En la naturaleza, la competencia está en todas partes, y no se trata de trofeos sino de supervivencia.
La competencia ocurre cuando los organismos, grandes o pequeños, luchan por recursos limitados como alimentos, agua o espacio.
Hay dos tipos principales de competencia en la naturaleza.
Primero está la competencia intraespecífica, que ocurre dentro de la misma especie. Por ejemplo, dos robles que crecen juntos pueden competir por la luz solar. Un árbol podría superar al otro creciendo más alto para acceder a más luz solar.
El segundo tipo es la competencia interespecífica, que ocurre entre diferentes especies. Por ejemplo, un lince y un zorro pueden cazar la misma presa, como una liebre con raquetas de nieve. Si la presa es escasa, el lince puede competir con los zorros, obligándolos a cambiar de presa o abandonar el área.

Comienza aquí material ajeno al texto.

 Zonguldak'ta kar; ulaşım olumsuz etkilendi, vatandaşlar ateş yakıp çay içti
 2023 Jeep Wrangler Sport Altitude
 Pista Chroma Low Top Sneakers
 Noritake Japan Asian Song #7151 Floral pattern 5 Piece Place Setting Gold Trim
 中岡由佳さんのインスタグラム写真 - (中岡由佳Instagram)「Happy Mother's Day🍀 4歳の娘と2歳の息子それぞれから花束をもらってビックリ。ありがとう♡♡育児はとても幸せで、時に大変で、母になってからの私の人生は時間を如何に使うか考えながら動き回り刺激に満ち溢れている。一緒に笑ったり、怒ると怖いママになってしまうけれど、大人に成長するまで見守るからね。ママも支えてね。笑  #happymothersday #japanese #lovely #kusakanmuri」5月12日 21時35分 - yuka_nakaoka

Al estudiar estos tipos de competencia, los ecologistas desarrollaron el principio de exclusión competitiva.
Establece que las especies menos adecuadas para la competencia deben adaptarse, mudarse del área o desaparecer.

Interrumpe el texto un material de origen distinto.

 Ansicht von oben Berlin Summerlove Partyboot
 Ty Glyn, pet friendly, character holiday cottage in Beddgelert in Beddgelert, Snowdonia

Una forma en que las especies se adaptan para coexistir es a través del desplazamiento de personajes, donde desarrollan rasgos distintos para reducir la competencia. Por ejemplo, los pinzones de Darwin desarrollaron formas de pico únicas para consumir diferentes tipos de alimentos, lo que les permitió ocupar diferentes nichos ecológicos.
La competencia en los ecosistemas se produce cuando los organismos compiten por los mismos recursos limitados, como el alimento, el agua, el refugio o…
En la naturaleza, la competencia está en todas partes, y no se trata de trofeos sino de supervivencia.
La competencia ocurre cuando los organismos, grandes o pequeños, luchan por recursos limitados como alimentos, agua o espacio.
Hay dos tipos principales de competencia en la naturaleza.
Primero está la competencia intraespecífica, que ocurre dentro de la misma especie. Por ejemplo, dos robles que crecen juntos pueden competir por la luz solar. Un árbol podría superar al otro creciendo más alto para acceder a más luz solar.
El segundo tipo es la competencia interespecífica, que ocurre entre diferentes especies. Por ejemplo, un lince y un zorro pueden cazar la misma presa, como una liebre con raquetas de nieve. Si la presa es escasa, el lince puede competir con los zorros, obligándolos a cambiar de presa o abandonar el área.
Al estudiar estos tipos de competencia, los ecologistas desarrollaron el principio de exclusión competitiva.
Establece que las especies menos adecuadas para la competencia deben adaptarse, mudarse del área o desaparecer.
Una forma en que las especies se adaptan para coexistir es a través del desplazamiento de personajes, donde desarrollan rasgos distintos para reducir la competencia. Por ejemplo, los pinzones de Darwin desarrollaron formas de pico únicas para consumir diferentes tipos de alimentos, lo que les permitió ocupar diferentes nichos ecológicos.
En la naturaleza, la competencia está en todas partes, y no se trata de trofeos sino de supervivencia.
La competencia ocurre cuando los organismos, grandes o pequeños, luchan por recursos limitados como alimentos, agua o espacio.
Hay dos tipos principales de competencia en la naturaleza.
Primero está la competencia intraespecífica, que ocurre dentro de la misma especie. Por ejemplo, dos robles que crecen juntos pueden competir por la luz solar. Un árbol podría superar al otro creciendo más alto para acceder a más luz solar.
El segundo tipo es la competencia interespecífica, que ocurre entre diferentes especies. Por ejemplo, un lince y un zorro pueden cazar la misma presa, como una liebre con raquetas de nieve. Si la presa es escasa, el lince puede competir con los zorros, obligándolos a cambiar de presa o abandonar el área.
Al estudiar estos tipos de competencia, los ecologistas desarrollaron el principio de exclusión competitiva.
Establece que las especies menos adecuadas para la competencia deben adaptarse, mudarse del área o desaparecer.
Una forma en que las especies se adaptan para coexistir es a través del desplazamiento de personajes, donde desarrollan rasgos distintos para reducir la competencia. Por ejemplo, los pinzones de Darwin desarrollaron formas de pico únicas para consumir diferentes tipos de alimentos, lo que les permitió ocupar diferentes nichos ecológicos.